# Work instruction
Quote only the lines that start at the line with "Silhouette of a" and run to the end of the entries; omit the pictures.

++++++++++++++++++++

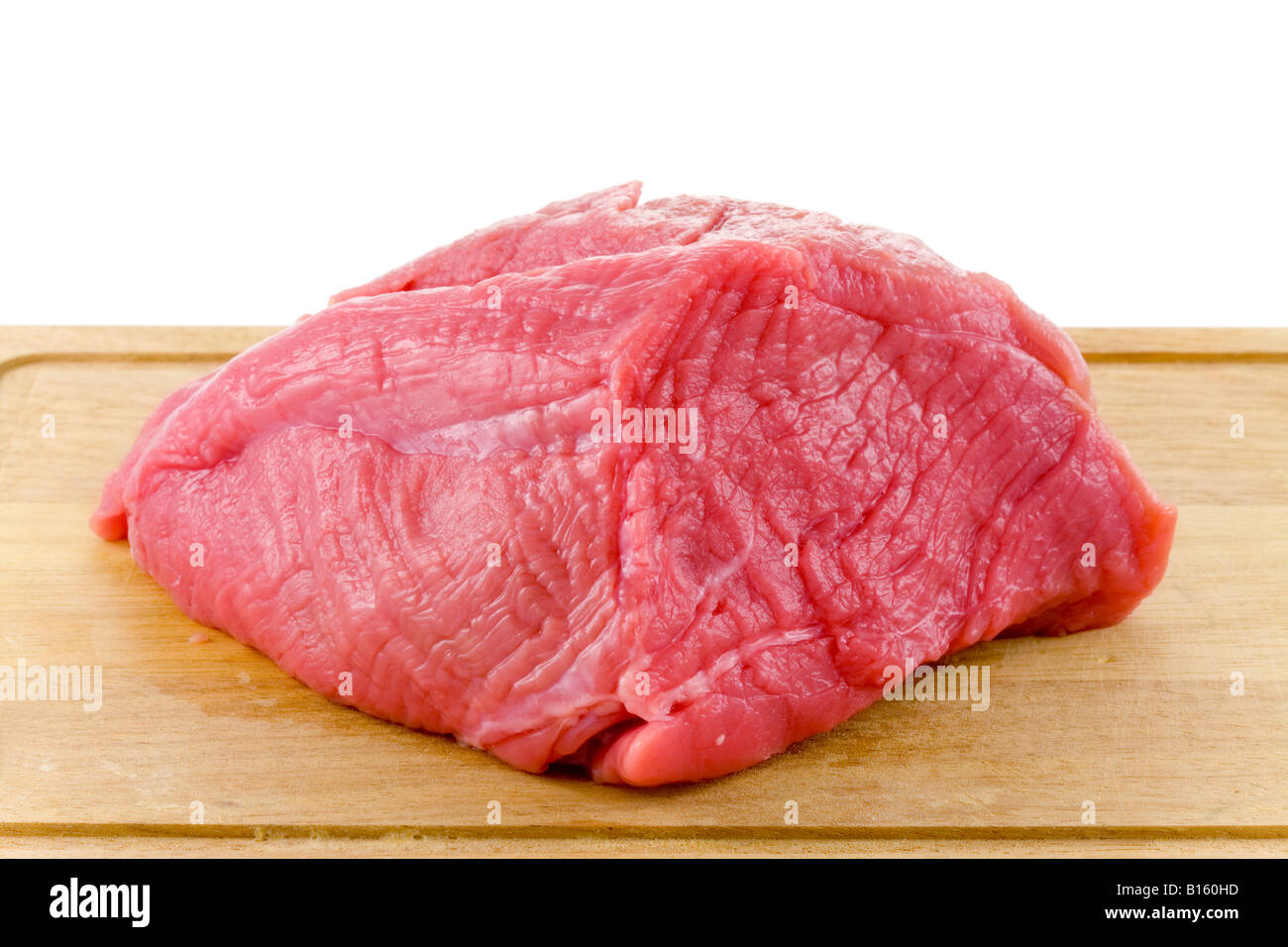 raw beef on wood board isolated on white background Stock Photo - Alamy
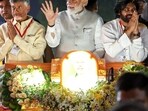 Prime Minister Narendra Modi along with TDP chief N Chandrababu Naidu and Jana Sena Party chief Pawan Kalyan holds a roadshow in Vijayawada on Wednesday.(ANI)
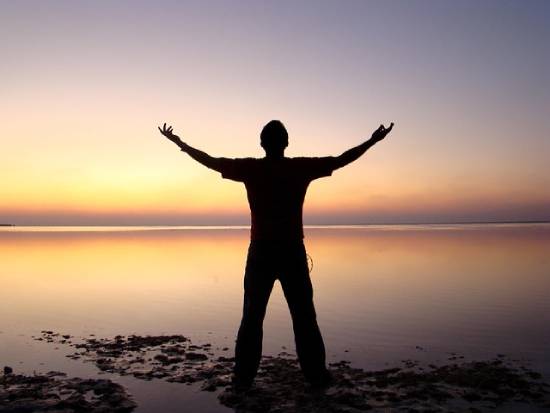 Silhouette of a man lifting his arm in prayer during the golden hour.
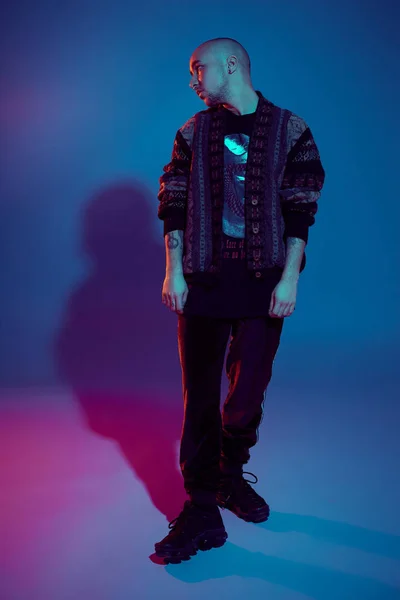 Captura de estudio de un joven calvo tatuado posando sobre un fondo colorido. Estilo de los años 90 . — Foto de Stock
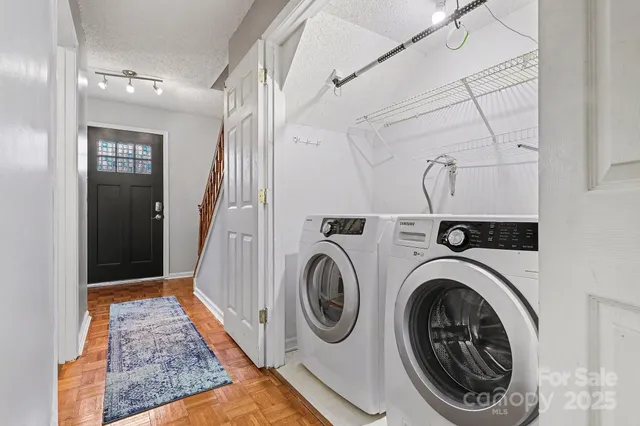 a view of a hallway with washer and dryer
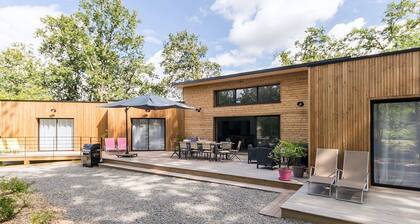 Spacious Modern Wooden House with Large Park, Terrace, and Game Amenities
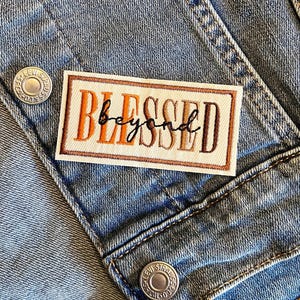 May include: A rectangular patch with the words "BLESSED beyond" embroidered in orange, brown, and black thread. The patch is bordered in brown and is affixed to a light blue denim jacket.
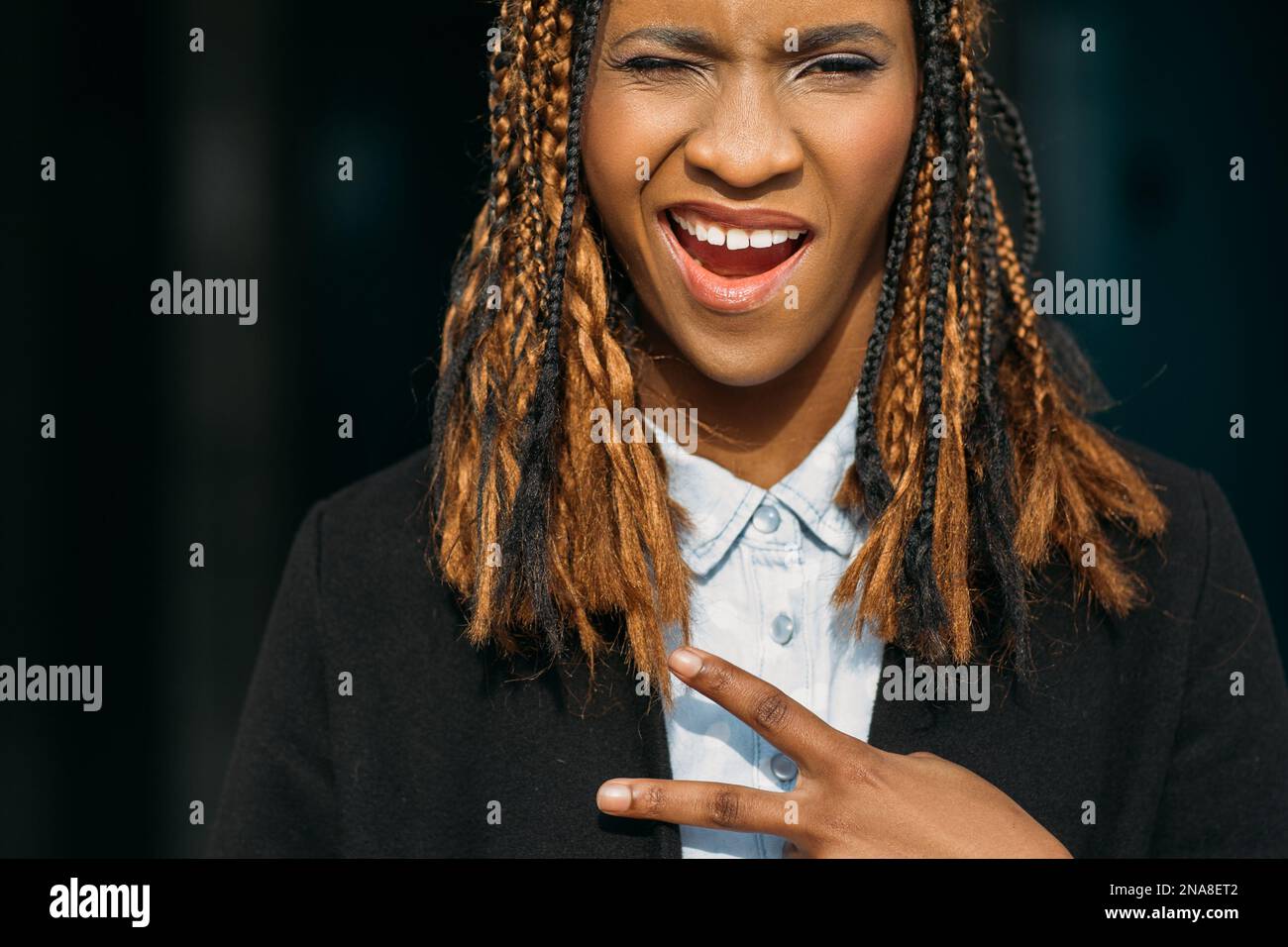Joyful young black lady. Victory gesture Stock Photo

++++++++++++++++++++

# Task response
 Silhouette of a man lifting his arm in prayer during the golden hour.
 Captura de estudio de un joven calvo tatuado posando sobre un fondo colorido. Estilo de los años 90 . — Foto de Stock
 a view of a hallway with washer and dryer
 Spacious Modern Wooden House with Large Park, Terrace, and Game Amenities
 May include: A rectangular patch with the words "BLESSED beyond" embroidered in orange, brown, and black thread. The patch is bordered in brown and is affixed to a light blue denim jacket.
Joyful young black lady. Victory gesture Stock Photo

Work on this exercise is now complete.